* [Required action]: Would you transcribe word for word every line from the one containing "BAKED HIPPIES CO." to the end of the data, both ends included, and leave out the rest?

* * *

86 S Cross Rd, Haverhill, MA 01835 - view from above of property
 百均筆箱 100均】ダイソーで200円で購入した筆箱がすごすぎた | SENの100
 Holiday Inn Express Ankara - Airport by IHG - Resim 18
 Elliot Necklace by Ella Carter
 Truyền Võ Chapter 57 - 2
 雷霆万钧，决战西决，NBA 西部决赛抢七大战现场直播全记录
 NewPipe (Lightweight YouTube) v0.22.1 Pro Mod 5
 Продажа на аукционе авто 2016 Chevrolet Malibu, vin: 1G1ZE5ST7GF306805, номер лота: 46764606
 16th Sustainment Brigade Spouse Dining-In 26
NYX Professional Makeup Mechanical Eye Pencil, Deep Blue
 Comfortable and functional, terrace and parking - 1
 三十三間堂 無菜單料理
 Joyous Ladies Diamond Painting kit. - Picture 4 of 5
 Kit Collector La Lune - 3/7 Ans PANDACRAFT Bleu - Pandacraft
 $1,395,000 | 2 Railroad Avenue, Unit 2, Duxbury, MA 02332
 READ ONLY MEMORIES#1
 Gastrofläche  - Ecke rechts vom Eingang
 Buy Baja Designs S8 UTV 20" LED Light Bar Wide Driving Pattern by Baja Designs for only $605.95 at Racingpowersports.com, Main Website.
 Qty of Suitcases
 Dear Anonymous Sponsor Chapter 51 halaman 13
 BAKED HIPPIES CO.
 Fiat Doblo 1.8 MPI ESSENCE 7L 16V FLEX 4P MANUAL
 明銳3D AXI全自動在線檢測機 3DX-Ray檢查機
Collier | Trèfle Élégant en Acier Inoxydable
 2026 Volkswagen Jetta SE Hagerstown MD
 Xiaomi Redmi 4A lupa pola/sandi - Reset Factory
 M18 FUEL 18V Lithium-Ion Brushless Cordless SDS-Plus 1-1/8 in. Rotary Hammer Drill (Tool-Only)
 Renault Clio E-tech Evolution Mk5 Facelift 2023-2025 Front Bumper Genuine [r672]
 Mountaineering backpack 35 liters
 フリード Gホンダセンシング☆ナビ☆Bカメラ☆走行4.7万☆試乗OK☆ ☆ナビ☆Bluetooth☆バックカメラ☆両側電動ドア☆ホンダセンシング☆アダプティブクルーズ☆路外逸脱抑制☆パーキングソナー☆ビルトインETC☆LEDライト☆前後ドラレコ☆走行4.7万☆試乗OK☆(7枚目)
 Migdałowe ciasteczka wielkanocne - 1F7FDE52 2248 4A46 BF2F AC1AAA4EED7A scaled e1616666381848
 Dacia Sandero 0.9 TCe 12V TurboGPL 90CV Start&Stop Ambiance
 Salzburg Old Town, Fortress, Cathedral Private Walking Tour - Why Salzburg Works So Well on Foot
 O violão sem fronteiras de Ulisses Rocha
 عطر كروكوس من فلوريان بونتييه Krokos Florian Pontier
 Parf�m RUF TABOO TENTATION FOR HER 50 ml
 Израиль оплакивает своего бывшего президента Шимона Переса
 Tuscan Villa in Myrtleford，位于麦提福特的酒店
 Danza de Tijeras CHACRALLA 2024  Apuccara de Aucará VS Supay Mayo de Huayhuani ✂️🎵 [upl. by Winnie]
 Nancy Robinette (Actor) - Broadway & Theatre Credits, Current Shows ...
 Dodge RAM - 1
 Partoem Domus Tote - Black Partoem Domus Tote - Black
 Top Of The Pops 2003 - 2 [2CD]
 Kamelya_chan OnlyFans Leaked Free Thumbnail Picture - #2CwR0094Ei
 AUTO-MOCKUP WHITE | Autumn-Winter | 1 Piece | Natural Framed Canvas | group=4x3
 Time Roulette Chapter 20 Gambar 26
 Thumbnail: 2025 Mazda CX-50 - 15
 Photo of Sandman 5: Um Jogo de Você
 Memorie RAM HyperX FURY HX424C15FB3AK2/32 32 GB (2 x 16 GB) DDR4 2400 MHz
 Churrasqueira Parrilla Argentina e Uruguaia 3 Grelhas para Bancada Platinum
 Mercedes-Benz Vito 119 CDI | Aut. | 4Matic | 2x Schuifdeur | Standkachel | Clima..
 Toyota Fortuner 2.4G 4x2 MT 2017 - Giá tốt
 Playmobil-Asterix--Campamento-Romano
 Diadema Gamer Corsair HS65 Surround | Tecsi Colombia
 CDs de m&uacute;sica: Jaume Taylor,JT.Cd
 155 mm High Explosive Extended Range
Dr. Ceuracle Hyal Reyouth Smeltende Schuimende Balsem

* * *

* [Answer]:
 BAKED HIPPIES CO.
 Fiat Doblo 1.8 MPI ESSENCE 7L 16V FLEX 4P MANUAL
 明銳3D AXI全自動在線檢測機 3DX-Ray檢查機
Collier | Trèfle Élégant en Acier Inoxydable
 2026 Volkswagen Jetta SE Hagerstown MD
 Xiaomi Redmi 4A lupa pola/sandi - Reset Factory
 M18 FUEL 18V Lithium-Ion Brushless Cordless SDS-Plus 1-1/8 in. Rotary Hammer Drill (Tool-Only)
 Renault Clio E-tech Evolution Mk5 Facelift 2023-2025 Front Bumper Genuine [r672]
 Mountaineering backpack 35 liters
 フリード Gホンダセンシング☆ナビ☆Bカメラ☆走行4.7万☆試乗OK☆ ☆ナビ☆Bluetooth☆バックカメラ☆両側電動ドア☆ホンダセンシング☆アダプティブクルーズ☆路外逸脱抑制☆パーキングソナー☆ビルトインETC☆LEDライト☆前後ドラレコ☆走行4.7万☆試乗OK☆(7枚目)
 Migdałowe ciasteczka wielkanocne - 1F7FDE52 2248 4A46 BF2F AC1AAA4EED7A scaled e1616666381848
 Dacia Sandero 0.9 TCe 12V TurboGPL 90CV Start&Stop Ambiance
 Salzburg Old Town, Fortress, Cathedral Private Walking Tour - Why Salzburg Works So Well on Foot
 O violão sem fronteiras de Ulisses Rocha
 عطر كروكوس من فلوريان بونتييه Krokos Florian Pontier
 Parf�m RUF TABOO TENTATION FOR HER 50 ml
 Израиль оплакивает своего бывшего президента Шимона Переса
 Tuscan Villa in Myrtleford，位于麦提福特的酒店
 Danza de Tijeras CHACRALLA 2024  Apuccara de Aucará VS Supay Mayo de Huayhuani ✂️🎵 [upl. by Winnie]
 Nancy Robinette (Actor) - Broadway & Theatre Credits, Current Shows ...
 Dodge RAM - 1
 Partoem Domus Tote - Black Partoem Domus Tote - Black
 Top Of The Pops 2003 - 2 [2CD]
 Kamelya_chan OnlyFans Leaked Free Thumbnail Picture - #2CwR0094Ei
 AUTO-MOCKUP WHITE | Autumn-Winter | 1 Piece | Natural Framed Canvas | group=4x3
 Time Roulette Chapter 20 Gambar 26
 Thumbnail: 2025 Mazda CX-50 - 15
 Photo of Sandman 5: Um Jogo de Você
 Memorie RAM HyperX FURY HX424C15FB3AK2/32 32 GB (2 x 16 GB) DDR4 2400 MHz
 Churrasqueira Parrilla Argentina e Uruguaia 3 Grelhas para Bancada Platinum
 Mercedes-Benz Vito 119 CDI | Aut. | 4Matic | 2x Schuifdeur | Standkachel | Clima..
 Toyota Fortuner 2.4G 4x2 MT 2017 - Giá tốt
 Playmobil-Asterix--Campamento-Romano
 Diadema Gamer Corsair HS65 Surround | Tecsi Colombia
 CDs de m&uacute;sica: Jaume Taylor,JT.Cd
 155 mm High Explosive Extended Range
Dr. Ceuracle Hyal Reyouth Smeltende Schuimende Balsem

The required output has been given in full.